Willard has to travel to Kurtz by boat and is assigned to a Navy flotilla. Onboard “PBR Streetgang” we meet: Chief Phillips (Albert Hall), the no-nonsense Captain of the ship, Jay Hicks or “Chef”(Frederic Forrest), a Louisiana native who is “strung up too tight for Vietnam, and probably for Louisiana too”, professional surfer and the closest thing to a hippie in the bunch named Lance B. Johnson (Sam Bottoms), and last but not least, 17 year old wild child, Tyrone Miller aka Mr. Clean, played by a young Laurence Fishburne who lied about his age to get the part.
“…the beloved classic absolutely deserves to be seen in theaters, if only for the 4K restoration and the amazing sound…”
The PBR Streetgang crew goes down river and face all sorts of challenges along the way. None the least of which is a tiger, or perhaps more scarily, a group of existential angry French expatriates. Finally, the crew reaches Kurtz’ compound, and there they meet an acid casualty photographer and newfound Kurtz devotee, who’s unnamed but is played to absolute psychotic perfection by Dennis Hopper. Additionally, Harrison Ford plays the smallest bit part right at the beginning as Colonel Lucas, whose name is more than likely a nod to the man who was originally supposed to write the film, George “Star Wars” Lucas.

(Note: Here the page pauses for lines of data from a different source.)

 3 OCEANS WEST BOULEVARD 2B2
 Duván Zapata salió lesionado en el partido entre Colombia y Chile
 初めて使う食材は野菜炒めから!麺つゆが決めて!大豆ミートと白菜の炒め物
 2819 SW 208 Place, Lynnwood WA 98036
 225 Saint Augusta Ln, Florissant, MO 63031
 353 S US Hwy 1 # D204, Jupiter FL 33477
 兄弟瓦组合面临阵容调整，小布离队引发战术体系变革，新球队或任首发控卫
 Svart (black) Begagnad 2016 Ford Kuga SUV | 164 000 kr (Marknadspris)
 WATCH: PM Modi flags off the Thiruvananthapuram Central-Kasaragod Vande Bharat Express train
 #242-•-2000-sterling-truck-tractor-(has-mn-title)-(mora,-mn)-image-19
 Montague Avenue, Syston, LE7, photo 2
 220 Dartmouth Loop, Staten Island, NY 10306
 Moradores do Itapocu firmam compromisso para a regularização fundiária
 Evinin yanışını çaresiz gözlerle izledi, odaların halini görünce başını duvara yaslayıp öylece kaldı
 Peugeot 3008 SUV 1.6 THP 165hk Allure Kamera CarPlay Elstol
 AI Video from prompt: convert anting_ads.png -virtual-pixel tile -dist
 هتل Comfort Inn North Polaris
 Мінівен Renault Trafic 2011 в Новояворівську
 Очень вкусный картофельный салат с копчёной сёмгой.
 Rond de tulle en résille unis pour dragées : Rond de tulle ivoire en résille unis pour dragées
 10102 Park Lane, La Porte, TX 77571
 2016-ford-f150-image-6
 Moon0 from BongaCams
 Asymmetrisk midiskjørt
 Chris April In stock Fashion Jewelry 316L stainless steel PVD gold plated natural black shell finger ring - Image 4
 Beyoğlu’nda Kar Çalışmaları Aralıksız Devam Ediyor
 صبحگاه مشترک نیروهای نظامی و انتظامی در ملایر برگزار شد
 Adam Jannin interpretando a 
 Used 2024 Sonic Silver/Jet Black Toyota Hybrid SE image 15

As much as George Lucas is a total genius, I’m very glad that he didn’t direct Apocalypse Now. John Milius wrote the script with Lucas in mind, and it was to be shot in a verite-style but as Coppola said at the Final Cut premiere “George was very wrapped up in his Star Wars.” and the rest is history. Coppola and the cast and crew had a very hard time making this movie. Almost everyone went nuts; Martin Sheen had a heart attack. The US Army wouldn’t cooperate, so they had to shoot in the Philippines. A lot of the insanity of the shoot can be captured in the incredibly documentary Hearts of Darkness: A Filmmaker’s Apocalypse which was by Coppola’s wife Eleanor with help from George Hickenlooper and Fax Bahr.